Before the Court is Defendant Simmons Bank ("Simmons")'s motion to dismiss for failure to state a claim. (Doc. 46.) The motion is fully briefed. (Docs. 47, 48, 56.) After careful consideration, the motion is DENIED.

Background

Plaintiff brings this putative class action for breach of contract, breach of the covenant of good faith and fair dealing, and for unjust enrichment. This case arises out of allegations that Simmons charged overdraft fees on transactions which did not overdraw Plaintiffs' accounts. Plaintiffs had or have checking accounts with Simmons and opted into Simmons' standard overdraft practices. Pursuant to the terms and conditions (Doc. 39-1) (the "Deposit Agreement") and the fee schedule (Doc. 39-2), Simmons charged a $35 per item overdraft fee for transactions that overdrew an account. At the heart of this case, is how Simmons calculated a consumer's balance in determining when a customer's account was overdrawn.1 Plaintiffs claim the Deposit Agreement required Simmons to use a ledger balance method to calculate the balance of Plaintiffs' accounts in determining whether and overdraft fee would apply. (Doc. 48.) Specifically, in the Second Amended Complaint, Plaintiffs allege that Plaintiff Walkingstick, was assessed a $35 overdraft fee on November 1, 2018, even though "his account . . . was not even negative after that ATM transaction." (Doc. 39, ¶ 19.) Plaintiffs similarly allege that overdraft fees were charged to Plaintiff Fort on eight different occasions, even though the transactions did not "cause the balance on her statement to go negative after the transaction." (Id., ¶ 22.) Simmons, on the other hand, contends the contract provides for the use of the available balance method. (Doc. 47.) Simmons moves to dismiss each of Plaintiffs' claims for failure to state a claim.

Legal Standard

Federal pleading rules provide that a pleading must contain "a short and plain statement of the claim showing that the pleader is entitled to relief." Fed. R. Civ. P. 8(a)(2). The purpose of this requirement is "to `give the defendant fair notice of what the . . . claim is and the grounds upon which it rests[.]'" Bell Atl. Corp. v. Twombly, 550 U.S. 544, 555 (2007) (citation omitted). Each allegation in a pleading must "be simple, concise, and direct." Fed. R. Civ. P. 8(d)(1). "No technical form" is required for pleadings and the Court construes pleadings "so as to do justice[.]" Fed. R. Civ. P. 8(e).

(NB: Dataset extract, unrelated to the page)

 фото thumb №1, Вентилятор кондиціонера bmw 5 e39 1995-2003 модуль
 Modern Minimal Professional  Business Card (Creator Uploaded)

Rule 8's pleading standard must be read in conjunction with Rule 12(b)(6), which tests a pleading's legal sufficiency. To survive a motion to dismiss pursuant to Fed. R. Civ. P. 12(b)(6), "a complaint must contain sufficient factual matter, accepted as true, to `state a claim for relief that is plausible on its face.'" Ashcroft v. Iqbal, 556 U.S. 662, 678 (2009) (quoting Bell Atl. Corp. v. Twombly, 550 U.S. 544, 570 (2007)). "A claim is facially plausible where the plaintiff pleads factual content that allows the court to draw the reasonable inference that the defendant is liable for the misconduct alleged." Wilson v. Arkansas Dept. of Human Serv., 850 F.3d 368, 371 (8th Cir. 2017) (internal quotation marks and citation omitted). While a complaint does not need to include detailed factual allegations, the complaint must allege more than a sheer possibility that a defendant acted unlawfully to survive a motion to dismiss. Wilson, 850 F.3d at 371 (citation omitted). When considering a motion to dismiss for failure to state a claim, the well-pled allegations in the complaint must be accepted as true and construed in the light most favorable to the nonmoving party. Osahar v. U.S. Postal Service, 263 Fed. Appx. 753, 864 (8th Cir. 2008).

Discussion

In arguing that all claims should be dismissed, Simmons contends that Plaintiffs failed to plead compliance with the notice and cure provision of the Deposit Agreement and that Plaintiffs failed to state a claim on each of their three claims. The Court will address each of Simmons' arguments in turn.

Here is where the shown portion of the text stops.